Mi ammutolii. Avvicinandomi iniziai a spogliarla. Le tolsi le scarpe, e piano le sfilai i jeans. Slacciai ogni singolo bottone della camicia, e poi gliela sfilai. Solo allora mi soffermai a guardare il suo corpo olivastro. Mediterranea di nascita, e inglese di adozione. Cullandomi nei miei pensieri la spogliai, e in quel momento mi accorsi di quanto fosse stupenda. Intendiamoci non un corpo perfetto, ma un corpo perfettamente armonioso. Occhi verdi, seni piccoli, labbra carnose e culo da favola. Sodo, incredibilmente irresistibile. Allontanai da me quei pensieri e la presi in braccio per poterla lavare. Lentamente la poggiai nella vasca. Sembrò interminabile il momento in cui riuscii finalmente a posarla sul fondo. L’acqua le ricopriva il corpo per intero, ma data la sua semitrasparenza poco era lasciato al caso.

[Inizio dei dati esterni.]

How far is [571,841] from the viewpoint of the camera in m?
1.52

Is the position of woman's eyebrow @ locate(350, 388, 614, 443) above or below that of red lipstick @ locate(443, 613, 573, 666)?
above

Il sapone, quasi a voler nascondere tutta quella meraviglia, si dispose a piccole isole. Presi la spugna e piano iniziai dalle spalle. La sentii tremare, lentamente iniziai a massaggiarle la parte destra. Piano arrivai al collo, parte sensibile, e onestamente un brivido mi percorse la schiena. La vidi inarcarsi, leggermente ed impercettibilmente. Ma lo notai. Fu la prima volta che sentii di essere desiderata. Faceva caldo. Le chiesi, quasi sussurrando, se potevo togliermi la maglietta. L’acqua era bollente, la porta era chiusa, quindi non era poi così strano che io sentissi tutto quel calore sul mio corpo. Annuì debolmente. Mi sfilai la maglia, una t-shirt bianca, con un disegno molto infantile sulla parte davanti. Un regalo di mamma. Sorrisi al ricordo. Vidi il suo sguardo attraverso lo specchio, potevo capire cosa le stesse passando per la testa. Si potrà dire che sono presuntuosa, o semplicemente si noterà il mio essere vogliosa, quanto o più di lei. Proseguii il massaggio, bagnai la spugna, e continuai. La schiena fu, tutto sommato, la parte più semplice; in fondo potevo fermarmi, alla fine poteva benissimo finire lei. Ci pensai, e fui titubante. Quasi capendo il mio essere “bloccata”, mi guardò, e con un cenno della testa mi invitò a proseguire. Potevo notare i suoi seni, piccoli, ma sodi. Erano eccitati, erano duri, erano semplicemente stupendi. Passai la spugna, e mi accorsi che la mano era molto più vicina al suo corpo di quanto le fosse permesso. Così, quasi impaurita, lasciai la presa, la spugna cadde nell’acqua e si inabissò, proprio nel suo intimo.